### [Supplied entries]
------------------------------------------------------------

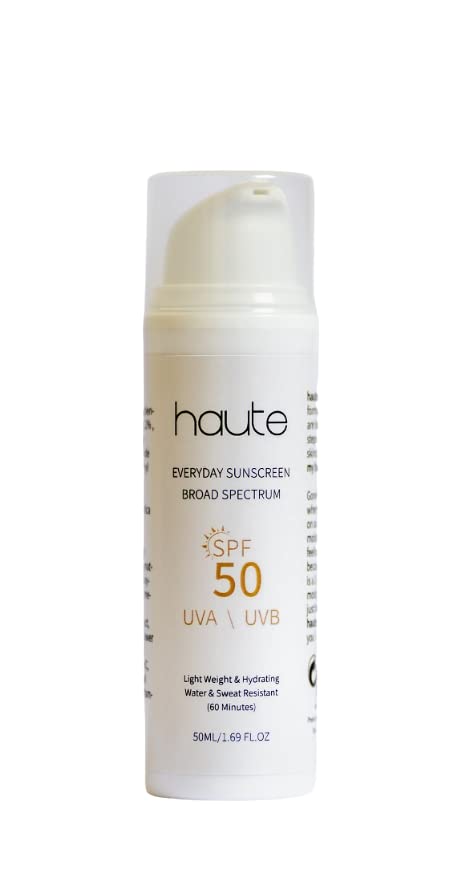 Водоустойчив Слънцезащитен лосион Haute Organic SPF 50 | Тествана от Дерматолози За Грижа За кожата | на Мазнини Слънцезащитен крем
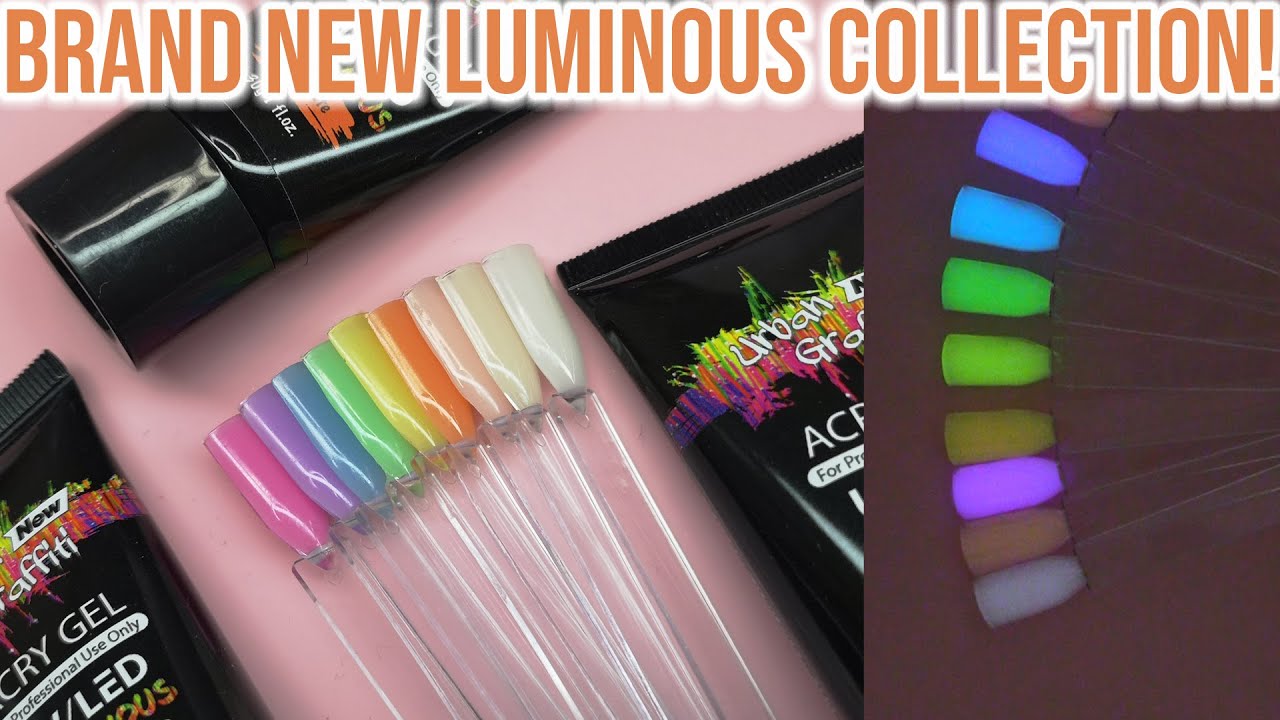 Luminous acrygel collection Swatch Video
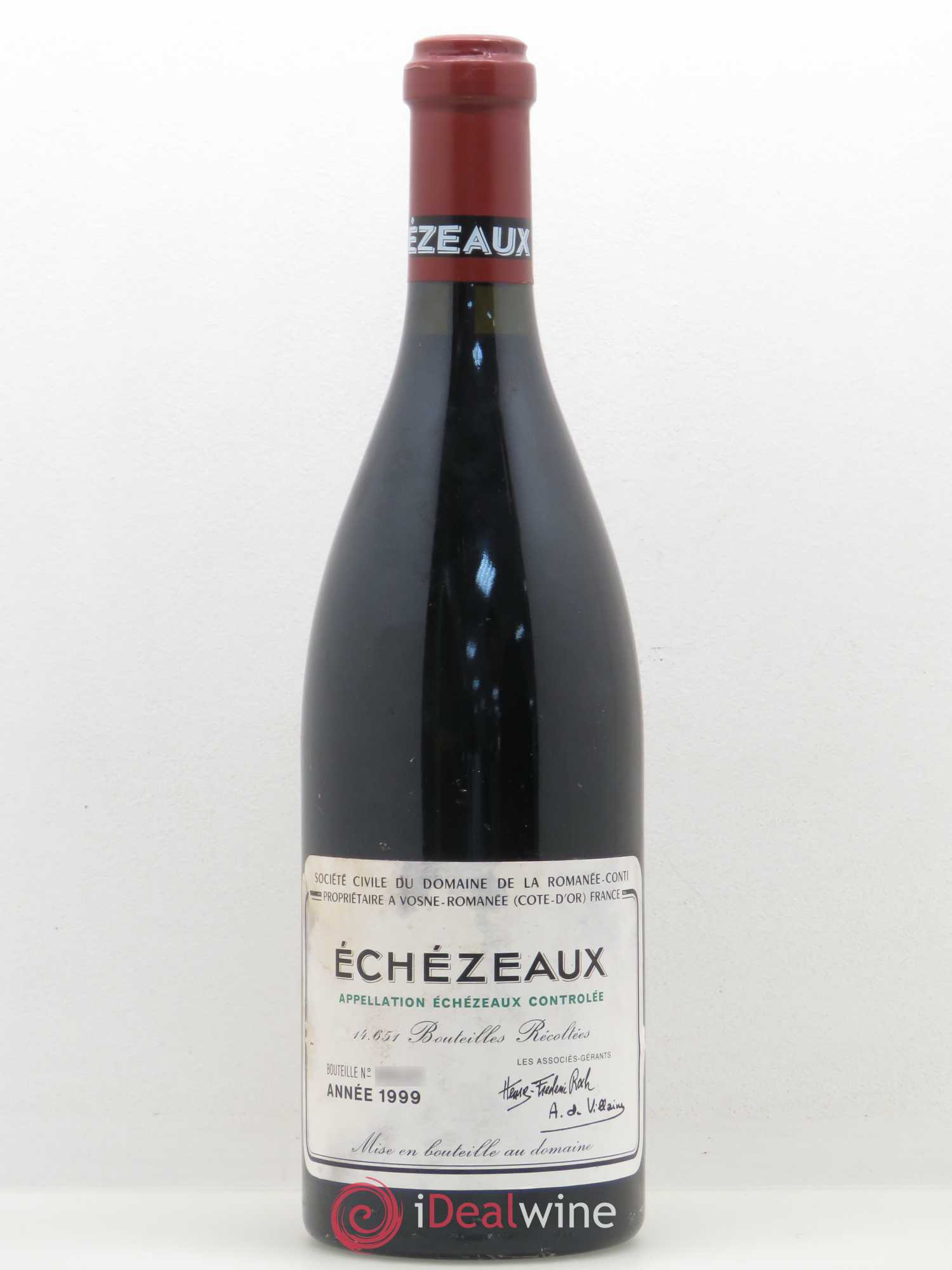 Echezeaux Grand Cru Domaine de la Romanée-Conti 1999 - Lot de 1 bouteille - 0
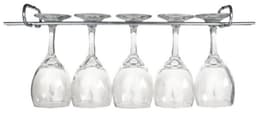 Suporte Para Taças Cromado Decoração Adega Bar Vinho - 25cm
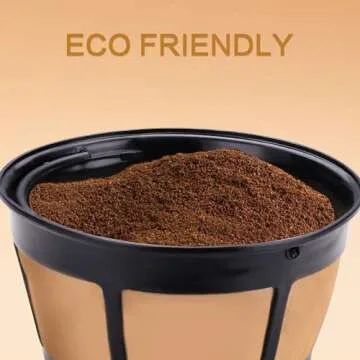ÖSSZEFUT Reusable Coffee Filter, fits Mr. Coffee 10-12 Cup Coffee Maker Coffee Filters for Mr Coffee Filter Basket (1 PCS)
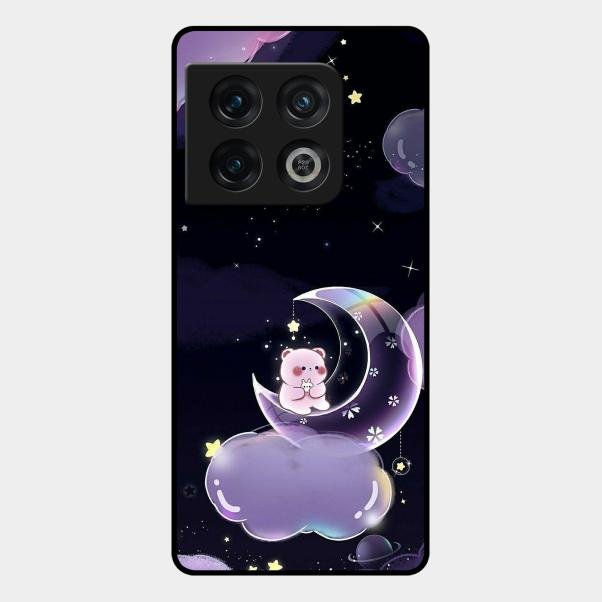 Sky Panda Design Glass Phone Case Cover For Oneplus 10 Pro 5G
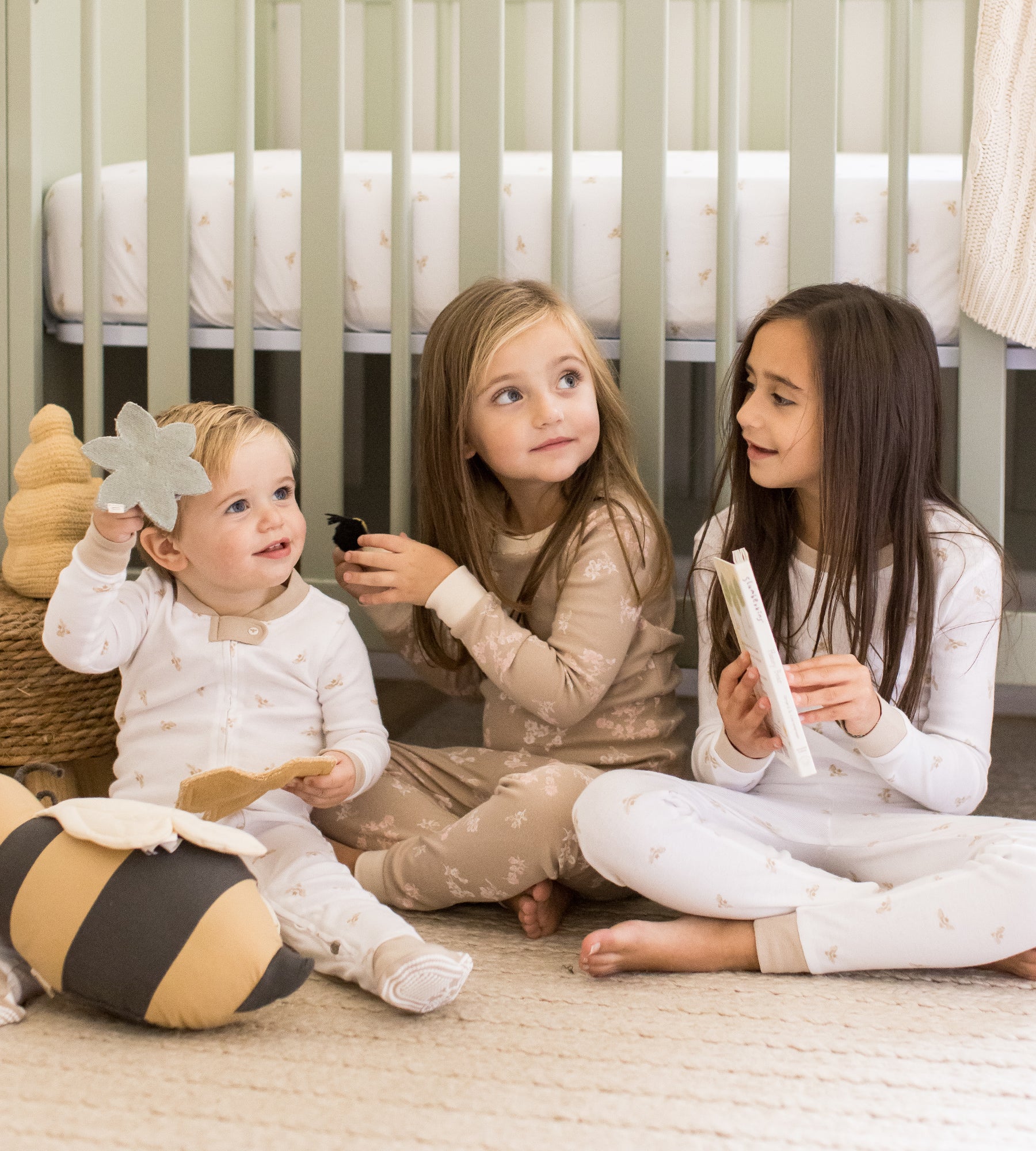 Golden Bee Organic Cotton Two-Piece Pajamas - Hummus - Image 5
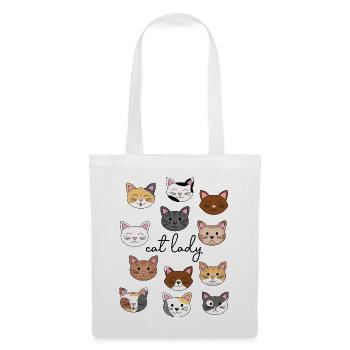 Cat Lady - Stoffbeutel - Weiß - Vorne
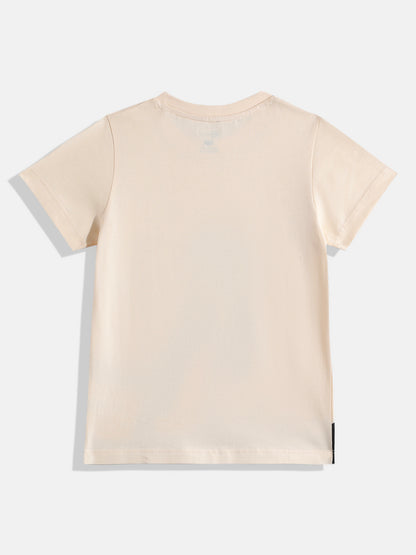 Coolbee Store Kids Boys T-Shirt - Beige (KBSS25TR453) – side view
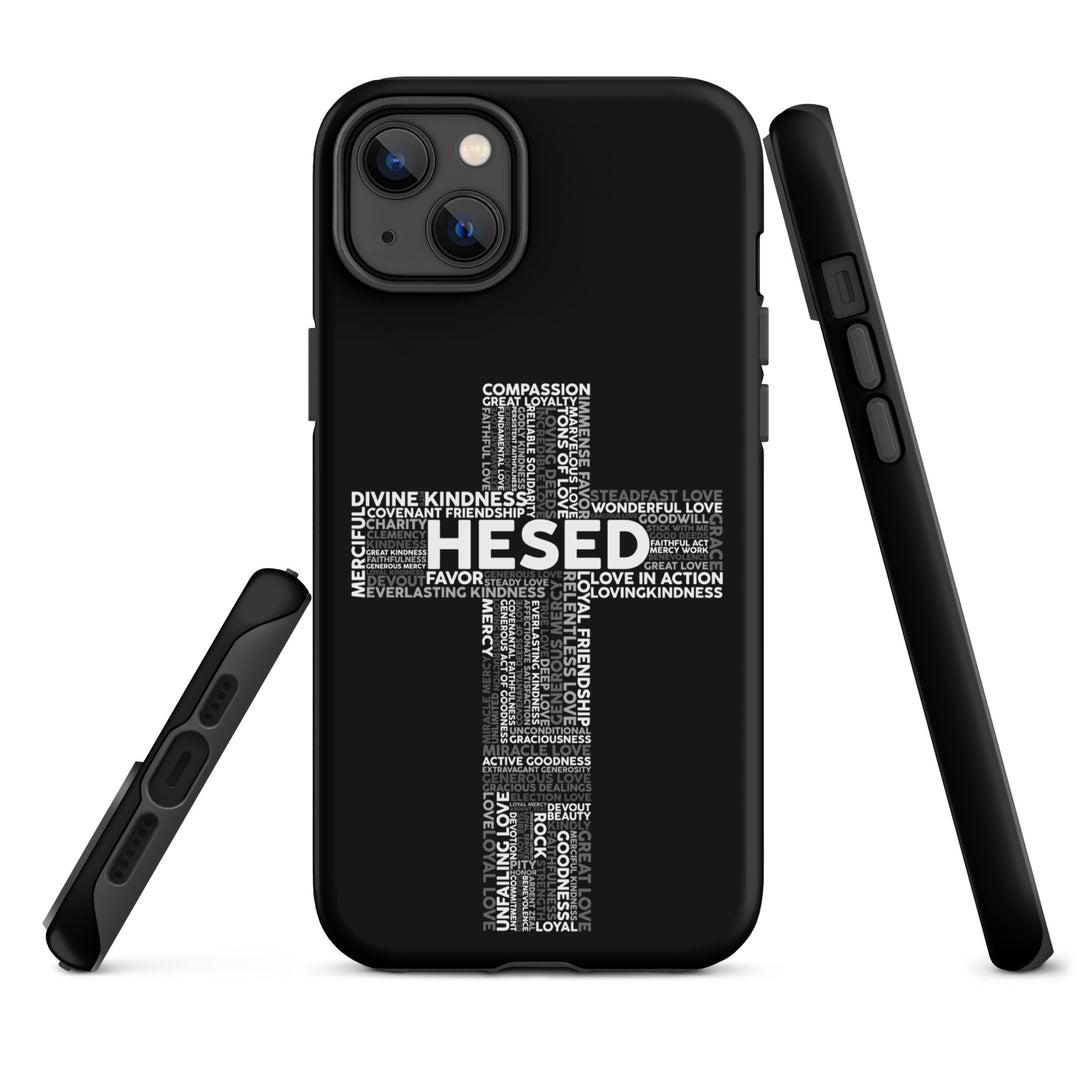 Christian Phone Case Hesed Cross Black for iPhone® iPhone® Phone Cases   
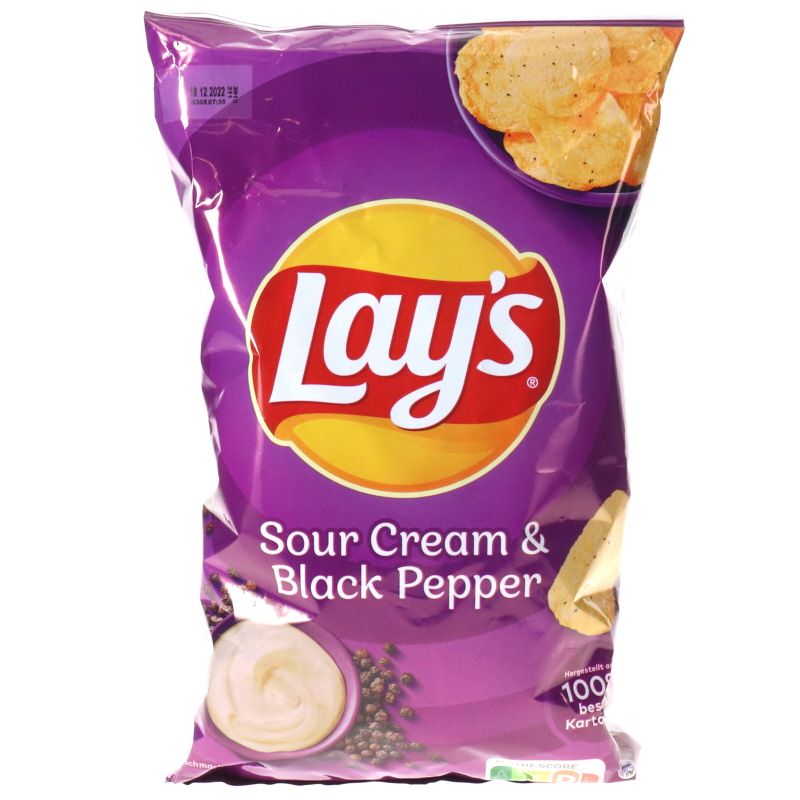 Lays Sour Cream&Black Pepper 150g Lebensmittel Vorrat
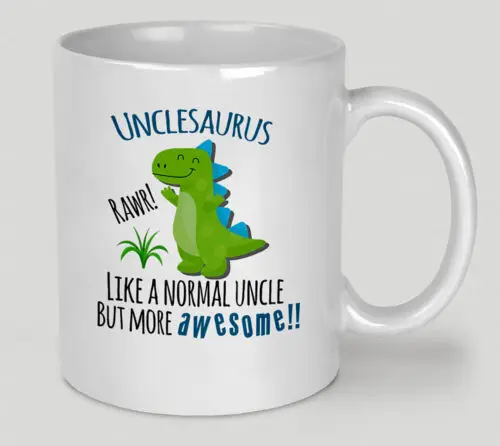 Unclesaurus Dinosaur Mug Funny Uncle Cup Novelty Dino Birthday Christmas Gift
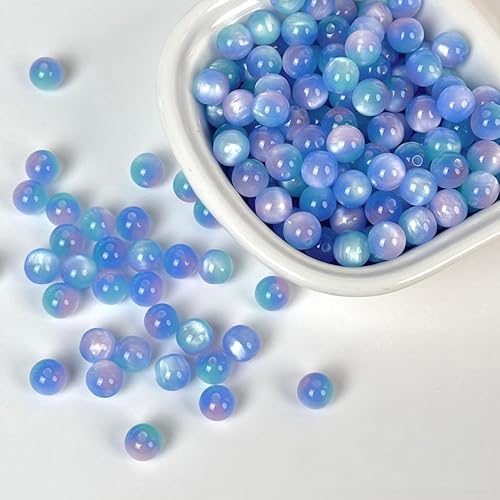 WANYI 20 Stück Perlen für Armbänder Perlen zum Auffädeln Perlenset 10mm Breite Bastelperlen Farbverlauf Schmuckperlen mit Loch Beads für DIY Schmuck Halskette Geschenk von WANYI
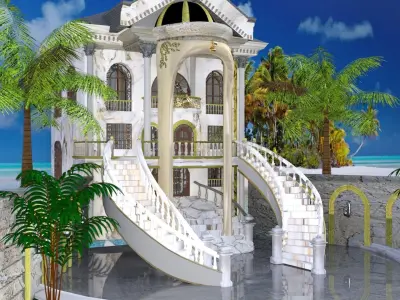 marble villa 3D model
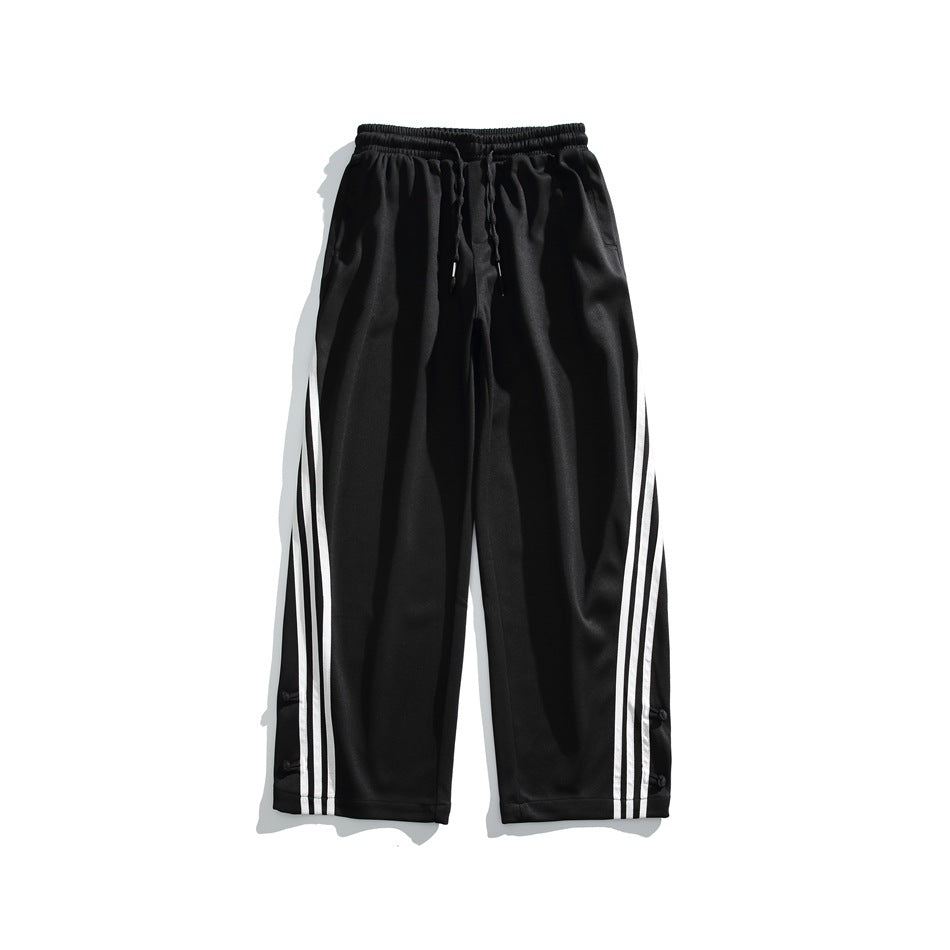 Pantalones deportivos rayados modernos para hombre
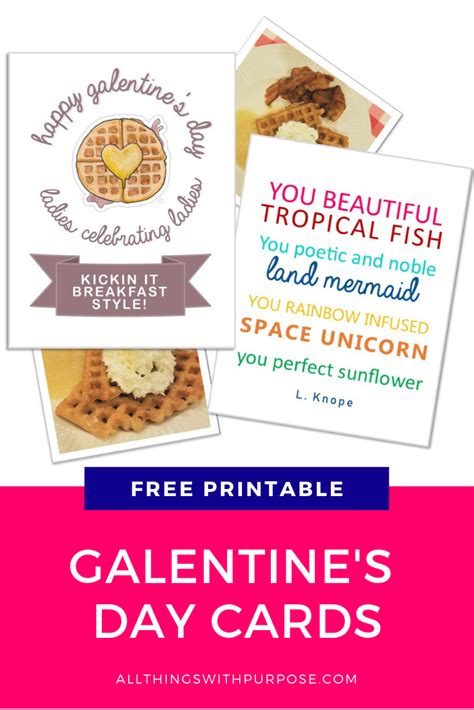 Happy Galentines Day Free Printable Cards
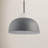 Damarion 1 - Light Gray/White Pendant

------------------------------------------------------------

### [Exercise description]
In the entries above, find the line containing "Coolbee Store Kids". Transcribe it and every later line to the end, exactly, and leave out the pictures.

### [Solved problem]
 Coolbee Store Kids Boys T-Shirt - Beige (KBSS25TR453) – side view
 Christian Phone Case Hesed Cross Black for iPhone® iPhone® Phone Cases   
 Lays Sour Cream&Black Pepper 150g Lebensmittel Vorrat
 Unclesaurus Dinosaur Mug Funny Uncle Cup Novelty Dino Birthday Christmas Gift
 WANYI 20 Stück Perlen für Armbänder Perlen zum Auffädeln Perlenset 10mm Breite Bastelperlen Farbverlauf Schmuckperlen mit Loch Beads für DIY Schmuck Halskette Geschenk von WANYI
 marble villa 3D model
 Pantalones deportivos rayados modernos para hombre
 Happy Galentines Day Free Printable Cards
 Damarion 1 - Light Gray/White Pendant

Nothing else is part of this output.